- WHAT IS BEING ASKED:
In the records below, find the line that contains "12 Glouceter Court, East" and the line that contains "Лизиантусы в Орджоникидзевском", then retype exactly those two lines and every line between them.

--- DATASET EXCERPTS Enclosed Below ---

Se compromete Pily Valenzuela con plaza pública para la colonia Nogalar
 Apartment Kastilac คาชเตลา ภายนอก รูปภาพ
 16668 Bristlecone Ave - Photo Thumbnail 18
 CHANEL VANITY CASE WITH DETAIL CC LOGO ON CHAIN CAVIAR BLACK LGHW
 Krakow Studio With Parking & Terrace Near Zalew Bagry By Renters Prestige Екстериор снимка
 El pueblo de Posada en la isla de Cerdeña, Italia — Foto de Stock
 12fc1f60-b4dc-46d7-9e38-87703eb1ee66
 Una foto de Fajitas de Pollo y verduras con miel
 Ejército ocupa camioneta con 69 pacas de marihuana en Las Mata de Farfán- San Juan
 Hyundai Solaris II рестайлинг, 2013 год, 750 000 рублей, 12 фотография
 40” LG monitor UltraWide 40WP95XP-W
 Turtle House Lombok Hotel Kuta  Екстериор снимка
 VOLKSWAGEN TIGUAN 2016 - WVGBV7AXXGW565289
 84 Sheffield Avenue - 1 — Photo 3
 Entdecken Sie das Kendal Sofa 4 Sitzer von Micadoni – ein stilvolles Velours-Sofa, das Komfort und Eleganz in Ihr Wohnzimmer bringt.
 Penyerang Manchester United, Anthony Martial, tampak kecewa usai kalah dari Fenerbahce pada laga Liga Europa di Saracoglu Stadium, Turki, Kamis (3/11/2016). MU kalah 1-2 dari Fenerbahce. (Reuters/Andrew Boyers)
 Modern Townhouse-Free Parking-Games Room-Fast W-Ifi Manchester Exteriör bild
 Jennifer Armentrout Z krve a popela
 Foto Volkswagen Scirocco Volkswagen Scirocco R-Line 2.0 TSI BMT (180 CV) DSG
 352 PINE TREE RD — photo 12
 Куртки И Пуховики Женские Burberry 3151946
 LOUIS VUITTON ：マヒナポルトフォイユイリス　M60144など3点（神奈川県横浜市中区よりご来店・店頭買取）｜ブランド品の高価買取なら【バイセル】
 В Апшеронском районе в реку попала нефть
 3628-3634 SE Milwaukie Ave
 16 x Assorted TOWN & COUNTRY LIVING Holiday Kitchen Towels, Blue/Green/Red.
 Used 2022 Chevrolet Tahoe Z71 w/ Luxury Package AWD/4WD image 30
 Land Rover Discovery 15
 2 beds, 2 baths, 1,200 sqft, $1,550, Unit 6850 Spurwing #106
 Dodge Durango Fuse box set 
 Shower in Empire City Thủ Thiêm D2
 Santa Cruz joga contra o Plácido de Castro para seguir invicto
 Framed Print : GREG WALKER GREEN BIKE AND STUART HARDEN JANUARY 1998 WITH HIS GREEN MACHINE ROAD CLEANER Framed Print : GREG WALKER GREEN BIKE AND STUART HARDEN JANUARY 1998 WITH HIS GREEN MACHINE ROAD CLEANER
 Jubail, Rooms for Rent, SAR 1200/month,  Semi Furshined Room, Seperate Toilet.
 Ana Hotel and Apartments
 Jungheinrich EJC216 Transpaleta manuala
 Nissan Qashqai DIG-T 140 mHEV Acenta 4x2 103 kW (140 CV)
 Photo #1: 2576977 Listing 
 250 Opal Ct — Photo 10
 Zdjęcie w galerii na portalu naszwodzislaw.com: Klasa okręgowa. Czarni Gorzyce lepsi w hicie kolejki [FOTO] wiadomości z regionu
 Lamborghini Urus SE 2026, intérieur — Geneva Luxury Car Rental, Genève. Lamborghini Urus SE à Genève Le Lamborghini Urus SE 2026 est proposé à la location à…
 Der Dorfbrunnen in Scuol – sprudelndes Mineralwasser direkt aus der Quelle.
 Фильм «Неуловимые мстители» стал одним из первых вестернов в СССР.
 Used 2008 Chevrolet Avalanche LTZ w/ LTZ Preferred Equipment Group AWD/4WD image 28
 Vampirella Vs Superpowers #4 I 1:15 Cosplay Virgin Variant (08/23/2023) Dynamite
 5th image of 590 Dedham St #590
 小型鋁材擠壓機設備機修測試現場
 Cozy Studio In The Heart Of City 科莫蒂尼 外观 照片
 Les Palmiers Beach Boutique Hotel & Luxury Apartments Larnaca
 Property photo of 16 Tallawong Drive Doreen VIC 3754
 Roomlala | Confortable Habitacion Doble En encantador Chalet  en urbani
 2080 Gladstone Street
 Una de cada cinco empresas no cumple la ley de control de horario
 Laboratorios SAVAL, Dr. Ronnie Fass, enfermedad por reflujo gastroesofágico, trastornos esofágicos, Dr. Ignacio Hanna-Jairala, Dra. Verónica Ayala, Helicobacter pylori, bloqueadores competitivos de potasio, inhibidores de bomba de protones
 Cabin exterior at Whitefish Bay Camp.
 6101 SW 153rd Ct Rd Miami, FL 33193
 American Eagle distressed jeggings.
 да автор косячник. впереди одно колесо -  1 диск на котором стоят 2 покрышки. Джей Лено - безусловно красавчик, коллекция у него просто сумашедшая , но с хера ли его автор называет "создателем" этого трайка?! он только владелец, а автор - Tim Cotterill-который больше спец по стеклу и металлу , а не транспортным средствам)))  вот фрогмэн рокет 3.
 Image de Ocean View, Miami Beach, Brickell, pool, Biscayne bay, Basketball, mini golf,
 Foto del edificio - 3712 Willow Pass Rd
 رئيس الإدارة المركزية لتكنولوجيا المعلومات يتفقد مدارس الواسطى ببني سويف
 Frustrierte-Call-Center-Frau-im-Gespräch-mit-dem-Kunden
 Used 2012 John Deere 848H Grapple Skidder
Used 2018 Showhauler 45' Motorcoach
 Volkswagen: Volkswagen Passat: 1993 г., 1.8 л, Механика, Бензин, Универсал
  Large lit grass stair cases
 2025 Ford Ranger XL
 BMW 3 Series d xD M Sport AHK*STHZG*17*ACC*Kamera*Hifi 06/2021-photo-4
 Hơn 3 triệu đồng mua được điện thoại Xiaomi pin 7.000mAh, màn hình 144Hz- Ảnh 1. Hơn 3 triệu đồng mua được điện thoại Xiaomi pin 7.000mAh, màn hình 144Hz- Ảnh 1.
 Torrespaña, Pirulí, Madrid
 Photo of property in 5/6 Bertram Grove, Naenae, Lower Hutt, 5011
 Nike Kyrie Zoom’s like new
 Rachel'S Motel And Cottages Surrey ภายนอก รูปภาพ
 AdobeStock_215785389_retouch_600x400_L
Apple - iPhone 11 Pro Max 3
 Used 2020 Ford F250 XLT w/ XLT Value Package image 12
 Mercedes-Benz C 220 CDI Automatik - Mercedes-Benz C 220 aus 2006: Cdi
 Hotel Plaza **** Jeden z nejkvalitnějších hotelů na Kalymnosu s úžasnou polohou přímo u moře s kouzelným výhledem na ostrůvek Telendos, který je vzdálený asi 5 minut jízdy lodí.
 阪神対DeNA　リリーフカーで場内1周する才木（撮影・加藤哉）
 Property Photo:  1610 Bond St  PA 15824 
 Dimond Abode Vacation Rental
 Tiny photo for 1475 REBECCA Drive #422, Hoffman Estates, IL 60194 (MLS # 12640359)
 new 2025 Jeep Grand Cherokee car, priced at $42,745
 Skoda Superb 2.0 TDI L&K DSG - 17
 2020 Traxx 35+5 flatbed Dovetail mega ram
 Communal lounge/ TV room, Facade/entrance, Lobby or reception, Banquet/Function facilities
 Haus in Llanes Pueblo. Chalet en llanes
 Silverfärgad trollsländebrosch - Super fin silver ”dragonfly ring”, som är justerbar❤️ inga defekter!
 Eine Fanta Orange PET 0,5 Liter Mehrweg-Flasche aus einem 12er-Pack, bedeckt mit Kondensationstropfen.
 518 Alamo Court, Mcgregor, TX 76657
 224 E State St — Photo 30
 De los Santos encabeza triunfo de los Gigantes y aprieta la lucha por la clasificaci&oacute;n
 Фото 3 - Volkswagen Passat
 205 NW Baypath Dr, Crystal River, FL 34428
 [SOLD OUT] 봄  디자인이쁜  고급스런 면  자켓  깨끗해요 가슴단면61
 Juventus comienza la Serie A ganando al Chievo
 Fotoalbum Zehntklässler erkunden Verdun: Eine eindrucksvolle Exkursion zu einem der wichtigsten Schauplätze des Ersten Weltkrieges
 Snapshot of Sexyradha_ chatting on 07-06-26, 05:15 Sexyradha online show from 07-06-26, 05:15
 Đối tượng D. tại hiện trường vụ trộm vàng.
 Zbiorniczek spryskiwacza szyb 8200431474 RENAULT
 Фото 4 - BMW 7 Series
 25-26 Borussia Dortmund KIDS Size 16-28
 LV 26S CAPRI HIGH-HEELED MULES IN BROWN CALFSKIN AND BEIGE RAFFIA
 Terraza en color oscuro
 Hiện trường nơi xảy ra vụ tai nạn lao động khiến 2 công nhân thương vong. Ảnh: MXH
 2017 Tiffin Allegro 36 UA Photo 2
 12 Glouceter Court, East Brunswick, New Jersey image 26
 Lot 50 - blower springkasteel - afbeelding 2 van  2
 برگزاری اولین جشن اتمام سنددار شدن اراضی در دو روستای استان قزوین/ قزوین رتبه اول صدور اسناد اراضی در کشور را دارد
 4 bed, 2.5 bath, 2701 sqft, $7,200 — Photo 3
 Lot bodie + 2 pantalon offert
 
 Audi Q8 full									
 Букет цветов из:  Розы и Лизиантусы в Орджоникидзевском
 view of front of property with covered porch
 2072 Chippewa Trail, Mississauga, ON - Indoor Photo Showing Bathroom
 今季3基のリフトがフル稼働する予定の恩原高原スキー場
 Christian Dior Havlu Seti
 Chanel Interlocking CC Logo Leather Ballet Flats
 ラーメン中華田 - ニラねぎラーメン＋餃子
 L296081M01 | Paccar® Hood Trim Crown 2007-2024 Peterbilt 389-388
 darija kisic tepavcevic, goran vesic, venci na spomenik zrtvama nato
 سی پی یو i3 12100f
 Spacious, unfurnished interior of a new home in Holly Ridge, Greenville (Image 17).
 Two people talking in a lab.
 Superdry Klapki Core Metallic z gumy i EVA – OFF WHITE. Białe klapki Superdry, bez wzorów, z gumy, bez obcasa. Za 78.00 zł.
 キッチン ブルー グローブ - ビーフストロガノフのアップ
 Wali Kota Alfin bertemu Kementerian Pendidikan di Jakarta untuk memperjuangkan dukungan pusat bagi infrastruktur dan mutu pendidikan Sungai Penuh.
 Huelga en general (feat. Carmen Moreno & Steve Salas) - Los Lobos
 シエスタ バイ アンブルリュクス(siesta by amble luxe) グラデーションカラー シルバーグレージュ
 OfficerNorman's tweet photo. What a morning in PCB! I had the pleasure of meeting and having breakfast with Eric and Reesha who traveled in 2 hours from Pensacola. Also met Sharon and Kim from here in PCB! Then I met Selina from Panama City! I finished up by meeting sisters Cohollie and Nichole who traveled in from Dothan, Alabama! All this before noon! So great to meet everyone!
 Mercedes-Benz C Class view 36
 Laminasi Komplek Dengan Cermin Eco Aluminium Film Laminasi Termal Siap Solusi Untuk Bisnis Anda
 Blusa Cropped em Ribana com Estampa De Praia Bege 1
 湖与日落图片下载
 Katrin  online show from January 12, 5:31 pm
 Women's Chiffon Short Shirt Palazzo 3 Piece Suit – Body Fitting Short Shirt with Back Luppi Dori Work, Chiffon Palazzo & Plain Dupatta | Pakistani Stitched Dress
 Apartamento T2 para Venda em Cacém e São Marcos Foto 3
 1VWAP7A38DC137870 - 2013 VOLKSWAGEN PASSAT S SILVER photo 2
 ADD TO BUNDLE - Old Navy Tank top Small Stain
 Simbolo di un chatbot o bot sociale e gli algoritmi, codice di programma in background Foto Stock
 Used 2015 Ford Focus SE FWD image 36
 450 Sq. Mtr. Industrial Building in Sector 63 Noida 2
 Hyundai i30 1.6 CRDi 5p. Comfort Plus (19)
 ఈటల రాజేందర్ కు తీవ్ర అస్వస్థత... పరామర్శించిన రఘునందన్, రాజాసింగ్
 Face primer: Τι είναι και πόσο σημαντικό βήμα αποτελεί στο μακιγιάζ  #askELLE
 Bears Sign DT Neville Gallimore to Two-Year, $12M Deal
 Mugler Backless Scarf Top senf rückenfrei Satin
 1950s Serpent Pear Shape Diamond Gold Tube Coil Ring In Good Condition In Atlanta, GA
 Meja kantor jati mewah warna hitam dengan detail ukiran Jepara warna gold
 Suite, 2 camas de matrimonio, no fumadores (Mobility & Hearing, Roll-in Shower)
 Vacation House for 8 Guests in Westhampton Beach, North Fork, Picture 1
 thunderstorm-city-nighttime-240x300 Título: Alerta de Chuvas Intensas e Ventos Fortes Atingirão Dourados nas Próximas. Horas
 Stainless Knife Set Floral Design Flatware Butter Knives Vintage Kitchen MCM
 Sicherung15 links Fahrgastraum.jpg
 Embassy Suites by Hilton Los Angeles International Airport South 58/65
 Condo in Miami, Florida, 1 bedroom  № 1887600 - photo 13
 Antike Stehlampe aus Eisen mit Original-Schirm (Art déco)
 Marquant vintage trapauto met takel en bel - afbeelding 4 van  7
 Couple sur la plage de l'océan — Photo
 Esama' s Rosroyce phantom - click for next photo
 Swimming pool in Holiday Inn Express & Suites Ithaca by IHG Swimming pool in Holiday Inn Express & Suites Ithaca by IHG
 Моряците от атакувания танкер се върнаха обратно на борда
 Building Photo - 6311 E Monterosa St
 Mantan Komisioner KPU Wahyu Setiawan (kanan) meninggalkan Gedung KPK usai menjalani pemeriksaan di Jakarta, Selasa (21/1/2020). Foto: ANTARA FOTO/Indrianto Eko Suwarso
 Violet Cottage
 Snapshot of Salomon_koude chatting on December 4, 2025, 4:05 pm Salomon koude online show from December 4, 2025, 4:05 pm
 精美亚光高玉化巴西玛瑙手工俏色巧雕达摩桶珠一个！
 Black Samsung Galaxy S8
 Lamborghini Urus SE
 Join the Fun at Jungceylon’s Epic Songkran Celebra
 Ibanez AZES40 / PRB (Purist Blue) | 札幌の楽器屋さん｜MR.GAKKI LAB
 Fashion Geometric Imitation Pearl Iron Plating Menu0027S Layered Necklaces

--- End of Enclosed DATASET EXCERPTS ---

- OUTPUT OF THE EXERCISE:
 12 Glouceter Court, East Brunswick, New Jersey image 26
 Lot 50 - blower springkasteel - afbeelding 2 van  2
 برگزاری اولین جشن اتمام سنددار شدن اراضی در دو روستای استان قزوین/ قزوین رتبه اول صدور اسناد اراضی در کشور را دارد
 4 bed, 2.5 bath, 2701 sqft, $7,200 — Photo 3
 Lot bodie + 2 pantalon offert
 
 Audi Q8 full									
 Букет цветов из:  Розы и Лизиантусы в Орджоникидзевском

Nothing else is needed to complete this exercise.